そのまま勢いを乗せて振り下げたが、寸前に手首を掴まれてしまった。
ゼルフと目が合う。
やはり穏やかな笑顔を貼り付けている。
それがどれほど相手の怒りに油を注ぐ行為だと、彼は知っているのだろうか。
「すみません、痛いのは苦手なんです」
「城に上がりさえすれば、よかったのではありませんか! なぜ修道院を!」
「心残りは少ないほうが良いかと、配慮したのがだいたいの理由ですかね」
「ぬけぬけと…!」
激しいレオナの怒りなどなんのその。
ゼルフにとって憤ったレオナなど、子猫が爪を立てているのと同じくらいなのだろう。
実際、「ああ、そうそう」と続けたゼルフの口調は軽い。
「城につくまでの6日間、逃げ出そうだなんて思わないでくださいね。もし逃げようものなら、今度は村を焼き払います。修道院の一件で脅しではないと、ご理解いただけているかと思います。お優しい修道女様には耐えきれぬ所業でしょう?」
「……このっ、人でなし!」
「なんとでも。まあ、円滑に貴女を城に届けるための布石と思ってくだされば。
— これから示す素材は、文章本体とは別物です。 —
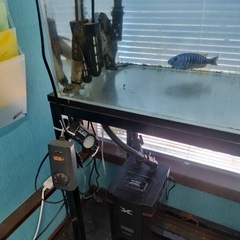 【70%off&配達無料！】超格安　水槽セット　おまけ多数 ★アクリル水槽 1200✕445✕450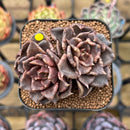 Echeveria 'Super Bowl' 2"-3" Succulent Plant Cutting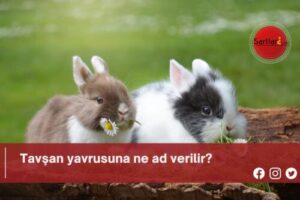 Tavşan yavrusuna ne ad verilir?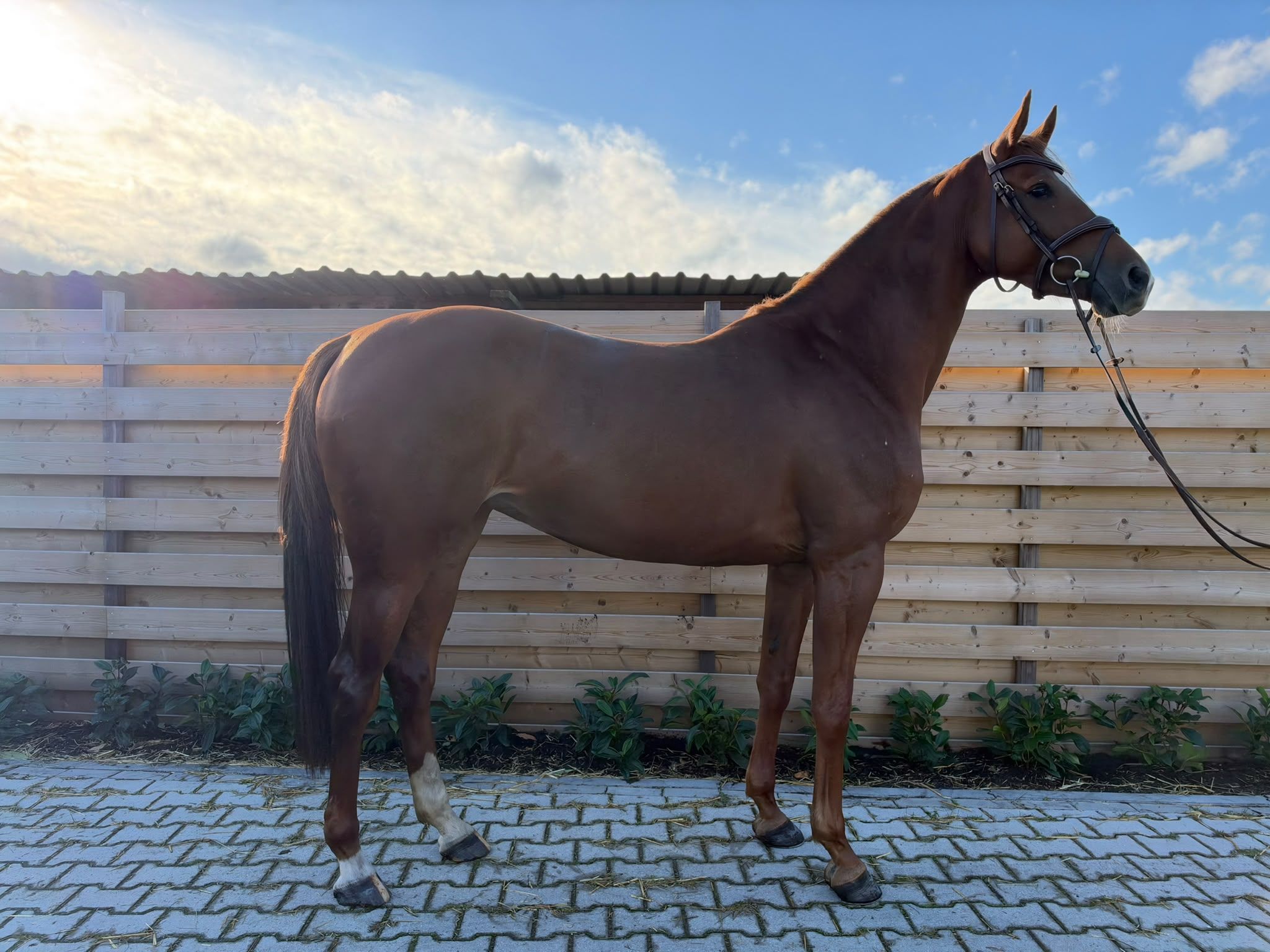 kwpn springpaard merrie 6 vuotta vos myytävänä - Kuva 5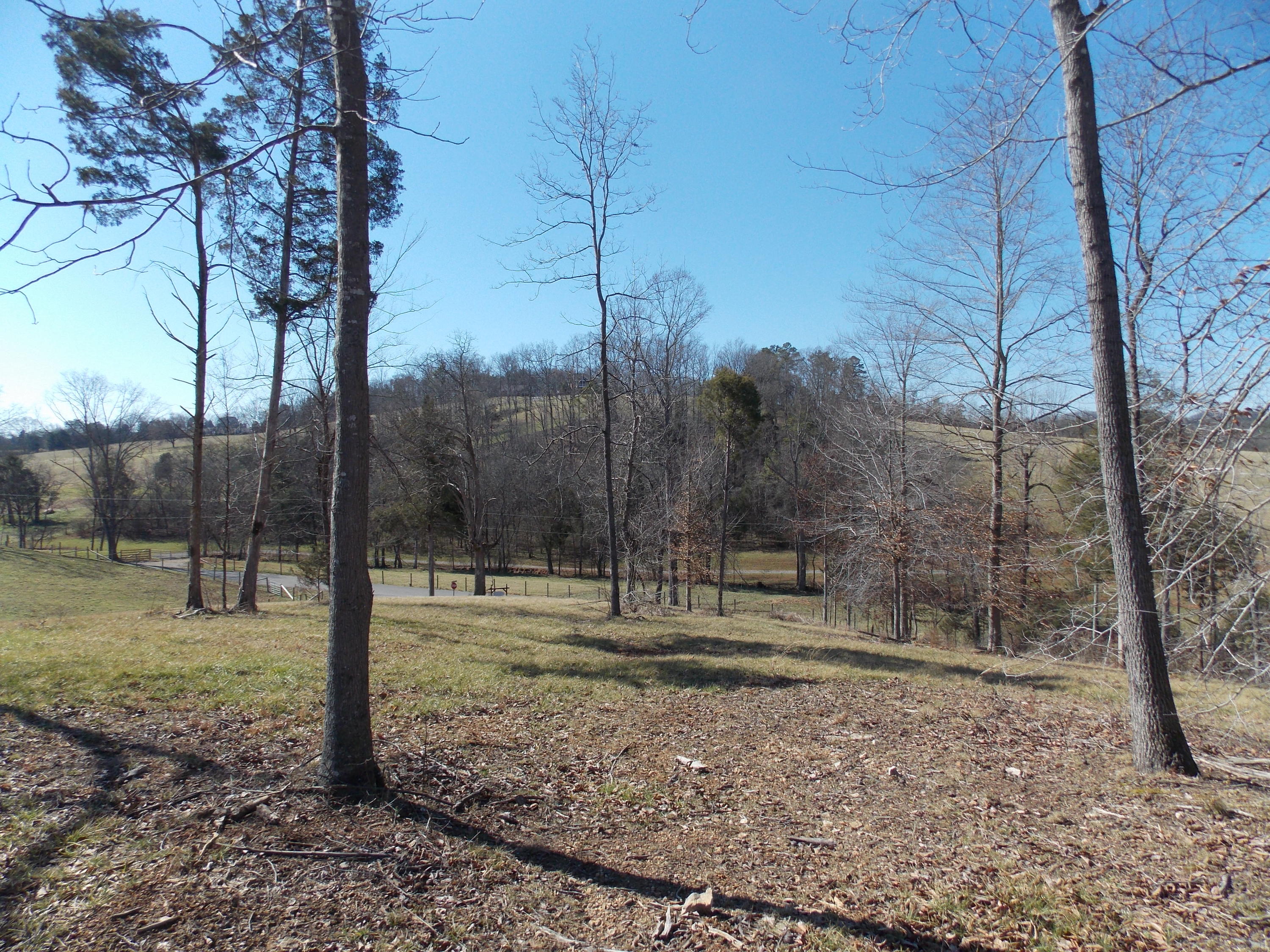 Lakeside Road Madisonville, TN 37354 - Photo 34 of 38 DSCN1615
私はただ楽に仕事をしたいタイプなんです」
「信用しろと!? 現に修道院に火を放ったのはどなたです!」
「レオナ様はまだ、ご自分の立場を分かっていらっしゃらないようだ。受け身になる他、許されていないのですよ」
ゼルフがようやくレオナの手を離す。
思いのほか強く握られていたようで、レオナの手首にはくっきりと手形が残っていた。
無能で力もない手だと、レオナはただ腹が立つ。
この体には本当に、誰かに望まれるほどの優秀な王族の血が流れているのだろうか。
先々代の王はとくに、秀でた才能で国をまとめ上げていたと聞く。
けれど実際は男一人にも抗えぬ、役に立たぬ血ではないか。
誰にぶつけたらいいか分からない怒りは、レオナを修道院から連れ出す原因となった己の血に向けられた。